IF 2.5 3区 医学 Q2 PSYCHIATRY Pub Date : 2024-07-01 Epub Date: 2023-10-14 DOI: 10.1080/13811118.2023.2265444
Thach Tran, Huong Nguyen, Ian Shochet, Nga Nguyen, Nga La, Astrid Wurfl, Jayne Orr, Hau Nguyen, Ruby Stocker, Jane Fisher

We aimed to determine the effect of coping self-efficacy on thoughts of self-harm among adolescents attending high school in Hanoi, Vietnam. Longitudinal data were collected using the Center for Epidemiologic Studies Depression Scale Revised and the Coping Self-Efficacy Scale among 552 Year 10 students. The prevalence of thoughts of death and/or self-injury on at least 1 day in the past week was 16.9% at baseline and 14.5% at 8-month follow-up.

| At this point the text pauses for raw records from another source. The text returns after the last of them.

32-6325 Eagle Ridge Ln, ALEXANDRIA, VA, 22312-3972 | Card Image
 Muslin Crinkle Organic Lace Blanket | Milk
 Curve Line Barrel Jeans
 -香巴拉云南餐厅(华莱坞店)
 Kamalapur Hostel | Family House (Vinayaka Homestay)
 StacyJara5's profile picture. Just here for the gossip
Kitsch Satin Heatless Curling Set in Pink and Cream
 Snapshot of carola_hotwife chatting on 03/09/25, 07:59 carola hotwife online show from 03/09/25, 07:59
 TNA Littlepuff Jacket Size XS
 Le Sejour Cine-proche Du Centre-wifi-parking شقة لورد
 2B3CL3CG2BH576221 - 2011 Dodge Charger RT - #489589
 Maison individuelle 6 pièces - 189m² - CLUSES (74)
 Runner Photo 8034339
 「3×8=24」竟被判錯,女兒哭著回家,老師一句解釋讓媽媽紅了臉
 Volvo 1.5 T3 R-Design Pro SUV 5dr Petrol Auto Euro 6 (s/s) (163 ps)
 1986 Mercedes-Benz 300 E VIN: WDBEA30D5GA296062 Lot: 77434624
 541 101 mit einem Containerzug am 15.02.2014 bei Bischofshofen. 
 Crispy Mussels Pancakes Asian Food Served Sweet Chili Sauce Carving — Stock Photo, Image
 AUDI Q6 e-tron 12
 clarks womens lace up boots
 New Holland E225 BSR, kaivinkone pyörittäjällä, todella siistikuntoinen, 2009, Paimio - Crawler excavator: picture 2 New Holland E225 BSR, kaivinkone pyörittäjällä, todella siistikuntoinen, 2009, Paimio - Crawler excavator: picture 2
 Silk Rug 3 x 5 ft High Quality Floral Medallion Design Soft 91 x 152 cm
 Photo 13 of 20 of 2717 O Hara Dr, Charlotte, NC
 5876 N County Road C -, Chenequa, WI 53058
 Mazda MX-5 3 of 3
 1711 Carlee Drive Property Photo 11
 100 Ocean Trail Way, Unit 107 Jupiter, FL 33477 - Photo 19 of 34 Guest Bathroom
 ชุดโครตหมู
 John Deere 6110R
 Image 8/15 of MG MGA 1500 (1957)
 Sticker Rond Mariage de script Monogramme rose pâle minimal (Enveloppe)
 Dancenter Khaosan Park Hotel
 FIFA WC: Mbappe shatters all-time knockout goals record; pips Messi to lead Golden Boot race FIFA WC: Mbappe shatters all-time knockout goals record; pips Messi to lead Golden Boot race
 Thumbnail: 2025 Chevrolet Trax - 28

When baseline coping self-efficacy was greater by one standard deviation, the odds of having thoughts of self-harm at follow-up were reduced by 42%. Our findings suggest that school-based programs that aim to strengthen coping strategies may be useful in preventing self-harm among adolescents.

我们旨在确定越南河内市高中生应对自我效能感对自残思想的影响。使用流行病学研究中心抑郁量表修订版和应对自我效能量表收集了552名10年级学生的纵向数据。死亡和/或自伤念头的发生率至少为1 过去一周的天数在基线时为16.9%,在8个月的随访中为14.5%。当基线应对自我效能感大于一个标准差时,在随访中产生自残想法的几率降低了42%。我们的研究结果表明,旨在加强应对策略的学校项目可能有助于预防青少年的自残。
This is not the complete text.